Горло сделалось шершавым и, сглотнув, я наугад вытянула из папки рисунок.
Снова глядя на стоящих бок о бок подкроватных монстров, больше не пыталась сдерживать текущие по щекам горячие слезы. Не замечая, что всхлипы становятся все громче, плавно переходя в истерические рыдания, я смотрела и смотрела на тех, кто принадлежал тому миру, который у меня так несправедливо отняли.
Я вспомнила.
Глава двадцать восьмая О горящих окошках и сдутых воздушных шариках
Глава двадцать восьмая
Дорога домой прошла как в тумане.
Словами не передать, сколько оттенков самых разнообразных эмоций я испытала, прежде чем пришла на вокзал.

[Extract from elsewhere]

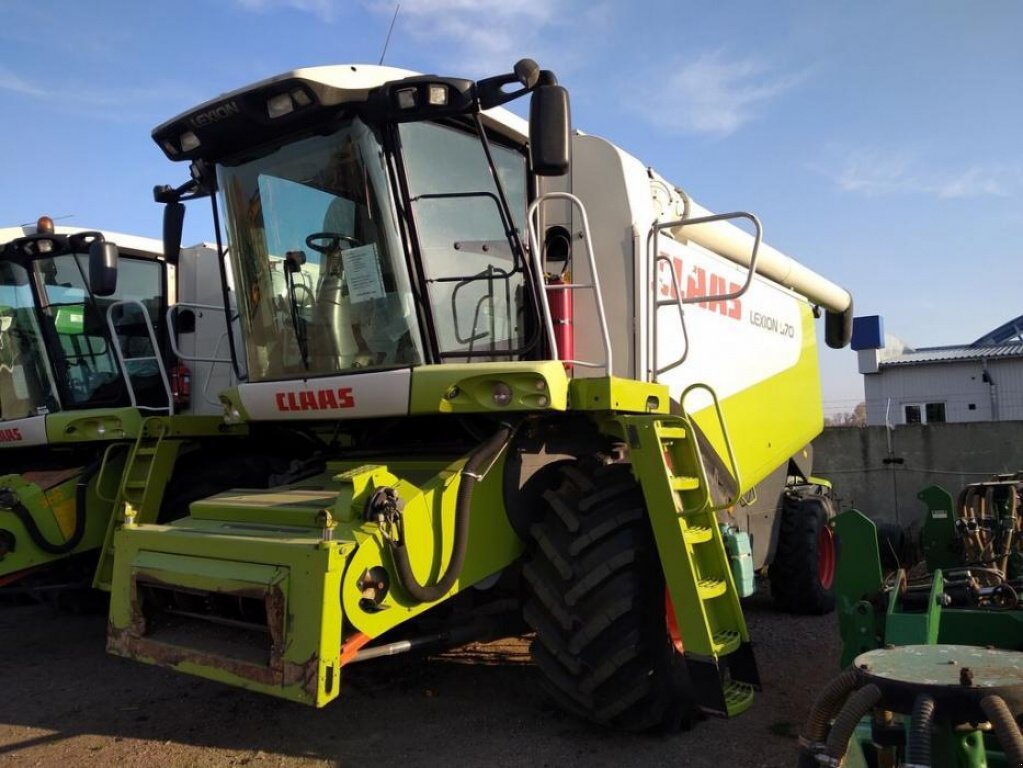 Oldtimer-Mähdrescher des Typs CLAAS Lexion 570, Neumaschine in Київ (Bild 1)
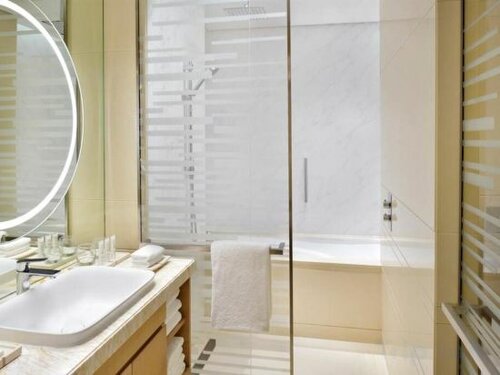 Гостиница Crowne Plaza Dubai Marina в Дубае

Я входила и выходила из усадьбы бесчисленное количество раз, надеясь, что в один из них сумею попасть в Большой Дом, но тщетно. Наверное, случившаяся истерика была самой яркой, самой продолжительной изо всех, происходивших со мной когда-то. Зато вместе со слезами вышла если не вся горечь, то значительная ее часть, уступившая место откровенной злости.
Да, я была зла! Как никогда зла! И эта злость придала необходимых сил, чтобы не впасть в отчаяние и окончательно не расклеиться.
Прибыв в поселок, по улицам я буквально бежала, а едва переступив порог дома, громко выкрикнула:
– Где он?!
Домашние, не привыкшие к такому моему поведению, высунулись из кухни, и мама не то испуганно, не то удивленно спросила:
– Кто?
– Папа! – не сбавляя громкости, ответила я. – Учти, отныне, если ты захочешь с ним развестись, я всецело тебя поддержу!
Мама нервно ойкнула, а жующий бутерброд Сашка замер и смотрел на меня так, словно видел в первый раз.
– Папы нет дома, – осторожно заметила мама. – Его отправили в командировку, сказал, приедет только дня через три… Юля, у тебя все хорошо?
– Замечательно, – процедила я. – Чудесно… волшебно, черт возьми! Мам, а ты никогда не задавалась вопросом, что у папы за командировки? Его часть рядом, так куда он постоянно исчезает?!
– Ну, я… – Мама заметно растерялась.